Des propos qui n’ont pas eu l’heur de satisfaire les marchés, le titre de la banque chutant ainsi de 4,27 % à 13,23 euros à la Bourse de Francfort mardi à la cloture, conduisant à une dégringolade de l’action de près de 14 % en moins de deux jours, et de plus de 40% depuis début janvier. Lundi soir, après une chute du titre avoisinant 10 % , la banque avait d’ores et déjà tenté d’apaiser les investisseurs en profitant de la « force » d’une communication « pour rassurer le marché » sur sa capacité et son « engagement à payer des obligations aux investisseurs ».
Dans un bref communiqué boursier, la banque a par ailleurs indiqué que sa « capacité de remboursement » sur des obligations hybrides AT1 (Additional Tier 1) était « d’environ un milliard d’euros » cette année. Ce qui, selon elle, devrait amplement lui permettre de rembourser des obligations de 350 millions d’euros à échéance du 30 avril prochain.
Des affirmations se voulant rassurantes alors que les marchés avaient laissé entrevoir leurs inquiétudes quant au remboursement de ce type de dette émise par Deutsche Bank et d’autres établissements en vue de gonfler leurs réserves de liquidités mais à des taux d’intérêts relativement élevés, des craintes de plus en plus fortes conduisant lundi au plongeon de l’action Deutsche Bank. Les investisseurs s’inquiètent en effet de l’évolution, au sein des bilans bancaires européens, des obligations hybrides dites CoCo (contingent convertible), dont les cours ont été tellement sabrés que la situation a engendré des opérations de couverture par le biais de swaps CDS.
Selon les prévisions de l’établissement, Deutsche Bank sera même en mesure de rembourser 4,3 milliards d’euros d’AT1 en 2017, aidée par des gains de cession et des réserves, « à même de compenser de potentielles pertes pouvant survenir à l’avenir ». Des propos qui ont certes permis au titre de se redresser quelque peu mardi matin, le répit n’étant toutefois que de courte durée.
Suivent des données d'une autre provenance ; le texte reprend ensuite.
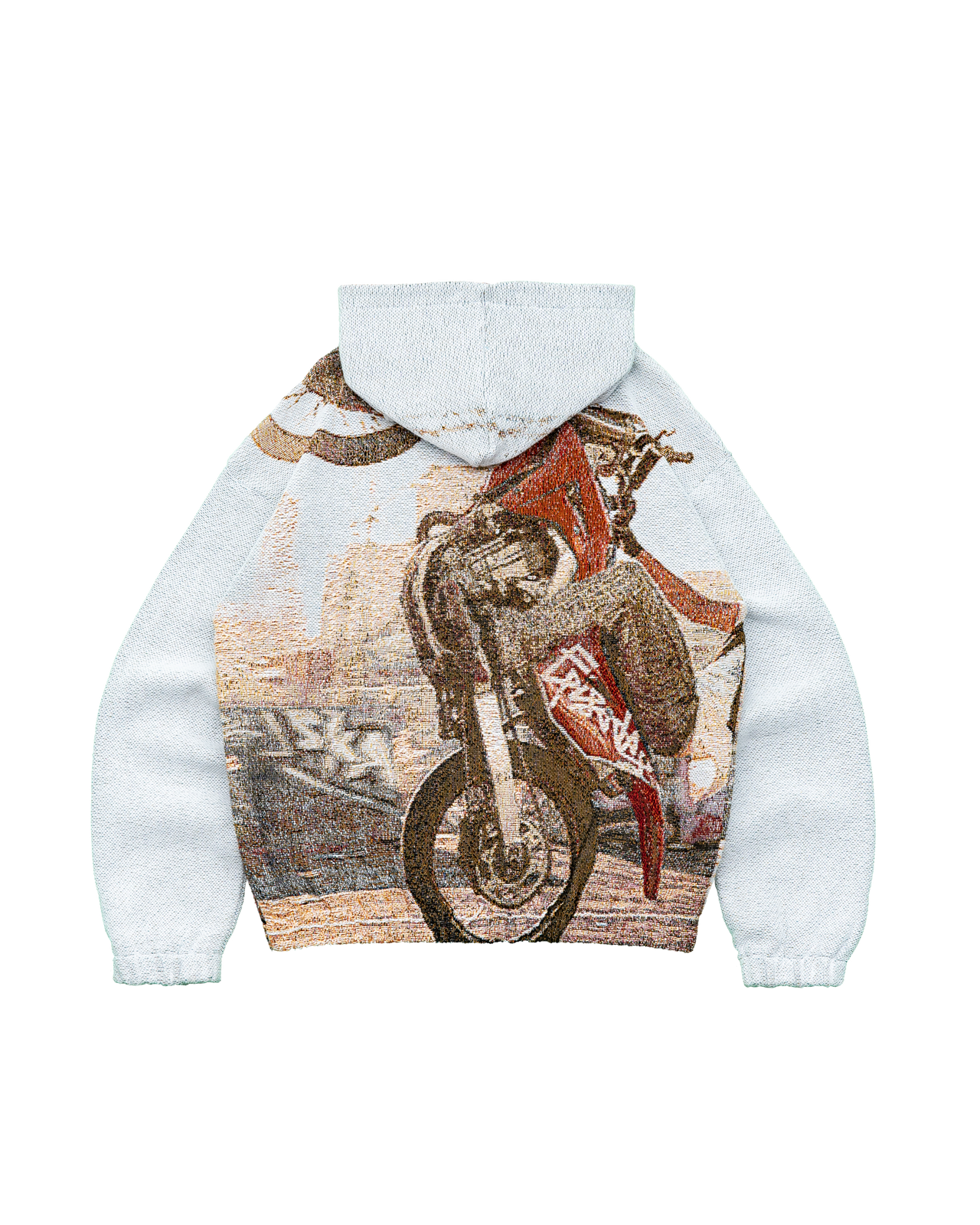 WHEEL UP Tapestry Zip-Up Hoodie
Car la défiance prévaut face à ce qui est devenu en quelques années la brebis galeuse du secteur financier allemand, la banque devant tout de même gérer la bagatelle de 6.000 actions juridiques menées à son encontre et venant de publier une perte de près de 7 milliards d’euros pour 2015.
« Le marché s’inquiète de savoir si nos provisions pour risques juridiques suffisent », a certes reconnu M. Cryan mardi, affirmant que lui-même n’était pas inquiet sur ce point. Il a toutefois ajouté que la banque allait « certainement devoir passer d’autres provisions » mais que ses prévisions financières en tenaient compte.
Précisons que Deutsche Bank a dû faire face à des charges exceptionnelles de 12 milliards d’euros en 2015, entre autre à cause des provisions passées pour ces litiges (5,2 milliards d’euros). L’établissement financier a en effet fait l’objet de nombreux scandales financiers, dont le plus célèbre reste celui du Libor. Lui sont également reprochées des manipulations de taux et des soupçons de blanchiment d’argent.
Sont également inclus dans ces charges exceptionnelles des dépréciations et des frais de restructurations et indemnités de départ. Les dépréciations sont liées essentiellement aux ajustements de la valeur des actifs de la banque de détail Postbank et de la banque d’investissement. Elles ont représenté à elles seules 5,8 milliards d’euros, les charges de restructuration se chiffrant quant à elles à un milliard.
Dorénavant, Deutsche Bank a une capitalisation boursière inférieure à celle de Beiersdorf, le fabricant de la crème Nivea … lequel fait toutefois cinq fois moins de chiffre d’affaires. La faiblesse du cours commence même à alimenter dans la presse allemande de premières spéculations de rachats.